Into the Carpentry Workshop
Alma Siedhoff-Buscher entered the Bauhaus Weimar in April 1922 after training at design schools in Berlin. After the preliminary course, she was placed in the weaving workshop — the destination the school’s institutional culture assigned to most women. She did not stay. By 1923 she had made the case, with support from Georg Muche and others, that her proposed designs for children’s toys and furniture were suited to industrial serial production and required the tools and materials of the wood-sculpture and carpentry workshop. The argument was practical: the work she was proposing could not be made in weaving.

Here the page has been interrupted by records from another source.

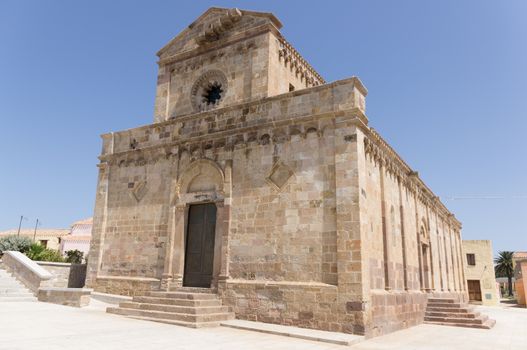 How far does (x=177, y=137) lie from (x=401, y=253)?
8.72m

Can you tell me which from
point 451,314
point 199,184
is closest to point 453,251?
point 451,314

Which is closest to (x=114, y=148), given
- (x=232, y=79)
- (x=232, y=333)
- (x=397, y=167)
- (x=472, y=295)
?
(x=232, y=79)

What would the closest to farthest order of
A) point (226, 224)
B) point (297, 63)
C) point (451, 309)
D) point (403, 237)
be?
point (226, 224)
point (403, 237)
point (451, 309)
point (297, 63)

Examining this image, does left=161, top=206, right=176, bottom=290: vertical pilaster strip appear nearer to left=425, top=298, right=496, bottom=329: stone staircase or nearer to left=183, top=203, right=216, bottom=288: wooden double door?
left=183, top=203, right=216, bottom=288: wooden double door

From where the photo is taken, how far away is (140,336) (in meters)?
7.93

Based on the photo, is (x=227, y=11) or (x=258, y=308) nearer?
(x=258, y=308)

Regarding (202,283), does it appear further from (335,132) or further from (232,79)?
(232,79)

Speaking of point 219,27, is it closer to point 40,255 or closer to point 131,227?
point 131,227

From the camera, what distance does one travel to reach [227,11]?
1572 cm

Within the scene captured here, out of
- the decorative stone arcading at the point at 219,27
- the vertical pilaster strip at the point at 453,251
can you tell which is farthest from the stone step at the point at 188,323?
the vertical pilaster strip at the point at 453,251

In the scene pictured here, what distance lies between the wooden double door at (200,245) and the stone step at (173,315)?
1.85m

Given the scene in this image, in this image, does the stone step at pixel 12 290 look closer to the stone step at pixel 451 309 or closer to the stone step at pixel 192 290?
the stone step at pixel 192 290

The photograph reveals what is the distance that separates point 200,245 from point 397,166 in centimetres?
745

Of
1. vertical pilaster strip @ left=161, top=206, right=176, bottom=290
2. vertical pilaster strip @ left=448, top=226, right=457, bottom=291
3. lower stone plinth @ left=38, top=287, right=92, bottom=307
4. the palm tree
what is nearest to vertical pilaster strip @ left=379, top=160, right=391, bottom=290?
vertical pilaster strip @ left=161, top=206, right=176, bottom=290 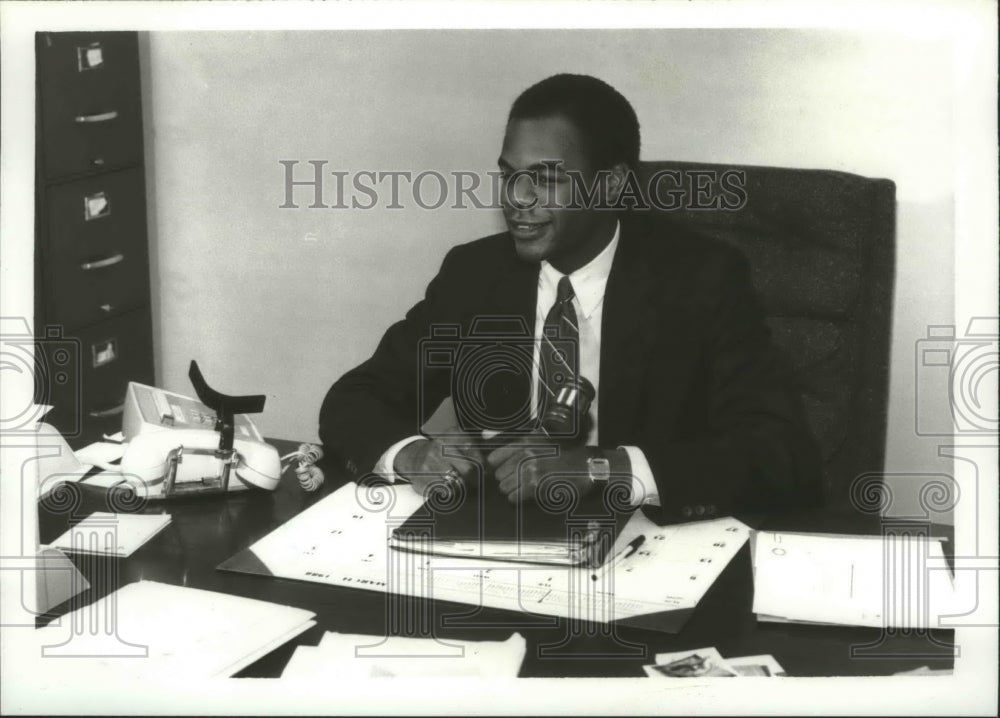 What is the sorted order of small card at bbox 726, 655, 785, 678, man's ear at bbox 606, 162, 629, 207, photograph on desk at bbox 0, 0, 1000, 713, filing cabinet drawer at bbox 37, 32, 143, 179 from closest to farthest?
→ small card at bbox 726, 655, 785, 678, photograph on desk at bbox 0, 0, 1000, 713, filing cabinet drawer at bbox 37, 32, 143, 179, man's ear at bbox 606, 162, 629, 207

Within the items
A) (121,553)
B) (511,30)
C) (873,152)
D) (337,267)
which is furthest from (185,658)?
(873,152)

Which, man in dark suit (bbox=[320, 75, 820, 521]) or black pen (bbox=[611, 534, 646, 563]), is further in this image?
man in dark suit (bbox=[320, 75, 820, 521])

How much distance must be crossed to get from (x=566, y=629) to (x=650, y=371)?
494 millimetres

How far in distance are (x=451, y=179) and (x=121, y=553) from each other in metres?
0.67

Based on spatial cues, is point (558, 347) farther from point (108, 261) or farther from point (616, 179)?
point (108, 261)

The transfer was unusual. The carpentry workshop, led by Form Master Josef Hartwig, was almost exclusively male. Siedhoff-Buscher’s move into it was an individual negotiation of a structural constraint, not a policy change.
The Haus am Horn
In 1923 she was commissioned to design the complete children’s room for the Haus am Horn — the experimental model house Georg Muche designed for the school’s first major public exhibition in Weimar. Her brief was a room scaled to a child, functional for a child’s actual daily life, and demonstrating how Bauhaus principles could reach domestic design at its smallest scale.
What she produced was a suite of multifunctional furniture: a changing unit that could convert to a desk, a crib designed to grow with a child into a teenage bed, a toy cupboard whose door opened out to become a puppet theatre stage, and a ladder that also functioned as a chair, a bench, and a storage unit. The pieces were white and washable. Each was designed to serve multiple purposes rather than a single function. The room demonstrated the same formal logic — geometric clarity, material honesty, purpose over ornament — that the rest of the school’s workshops were applying to chairs and lamps and textiles.
The Ship Building Game
Alongside the furniture, Siedhoff-Buscher designed the Schiffbauspiel — the Ship Building Game — in two versions: a small set of 22 geometric blocks and a large set of 39. The blocks were primary-coloured and non-prescriptive: they could be arranged in many ways without producing a predetermined result. This was a design argument about children’s play — that open-ended building develops more creative thinking than toys with fixed outcomes. The same geometric vocabulary that structured Bauhaus form exercises appeared here as objects a child could pick up and recombine.
The children’s room and its toys were among the most positively received elements of the 1923 exhibition. The Zeiss kindergarten in Jena later adopted the furniture. The Schiffbauspiel is still reproduced today by manufacturers including Naef. Siedhoff-Buscher continued at the Bauhaus through the Dessau move but stepped away from design work around 1926–1927 after marriage and the birth of her children. The room she made in Weimar in 1923 remains one of the most complete demonstrations of Bauhaus principles applied to the everyday world — not to a prestige object or a building, but to a child’s room.